- [WHAT IS BEING ASKED]:
Please reproduce the data exactly and omit the pictures.

- [STORED DATA]:

%%

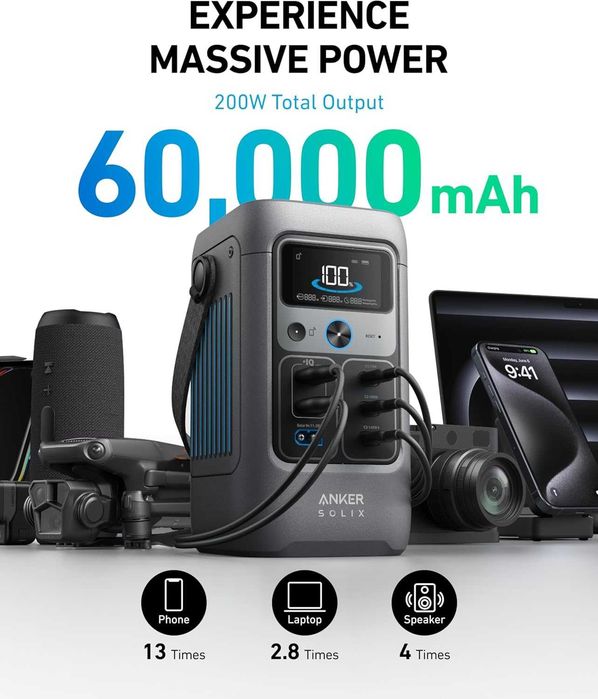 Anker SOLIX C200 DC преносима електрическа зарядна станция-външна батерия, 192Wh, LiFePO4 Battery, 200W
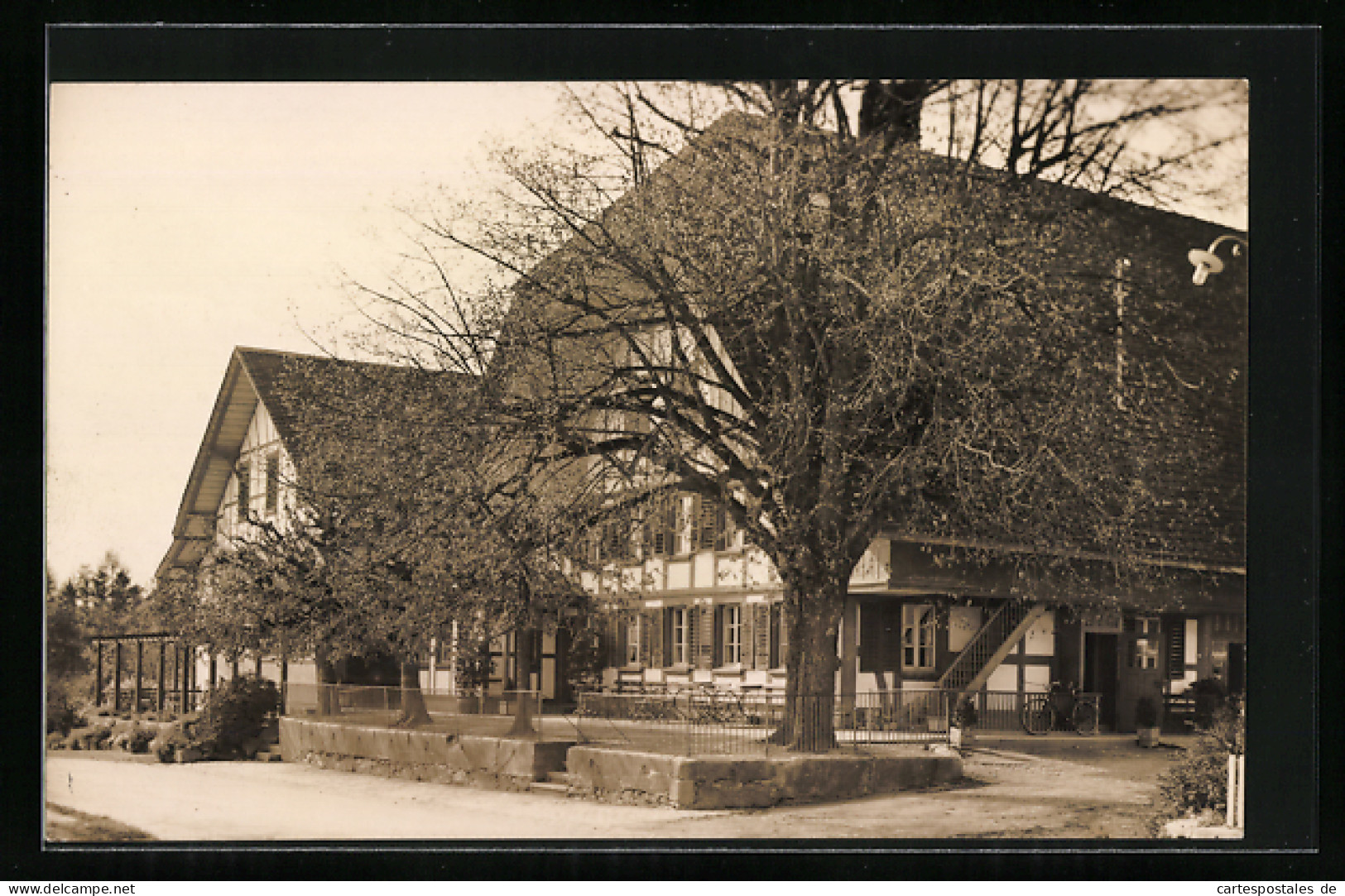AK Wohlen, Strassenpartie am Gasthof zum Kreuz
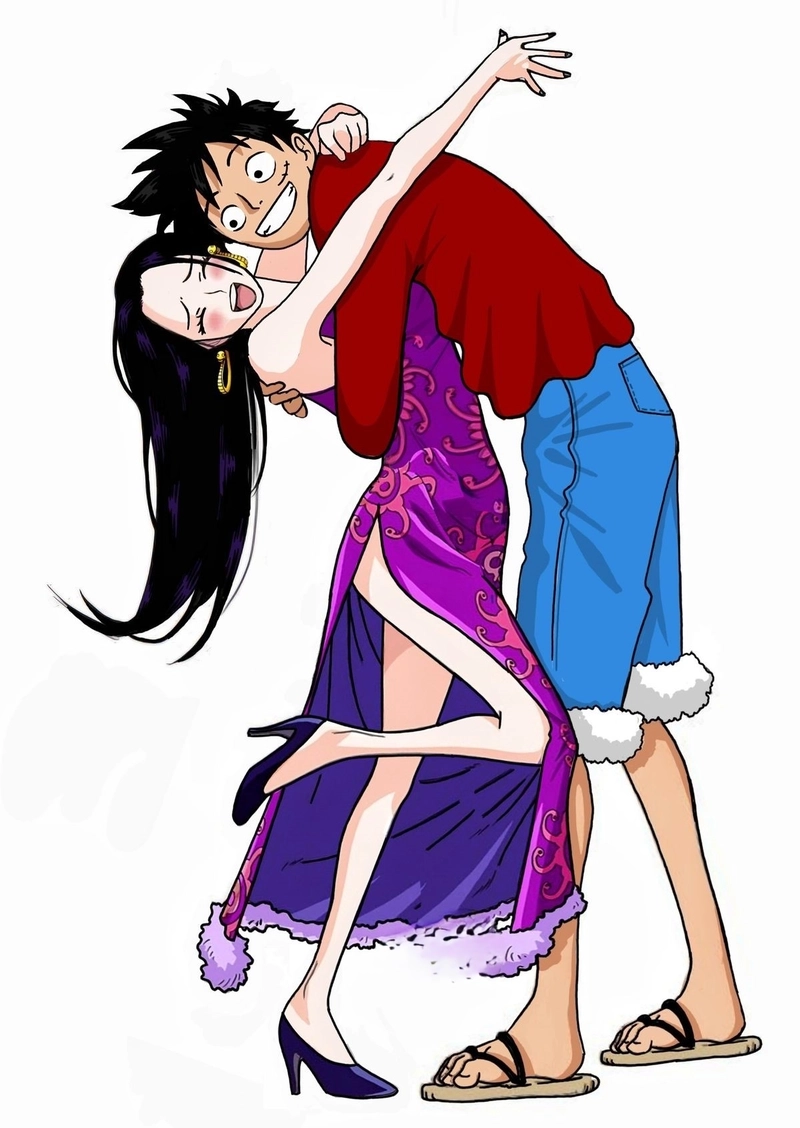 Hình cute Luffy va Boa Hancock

%%

- [OUTPUT FOR THIS TASK]:
 Anker SOLIX C200 DC преносима електрическа зарядна станция-външна батерия, 192Wh, LiFePO4 Battery, 200W
AK Wohlen, Strassenpartie am Gasthof zum Kreuz
 Hình cute Luffy va Boa Hancock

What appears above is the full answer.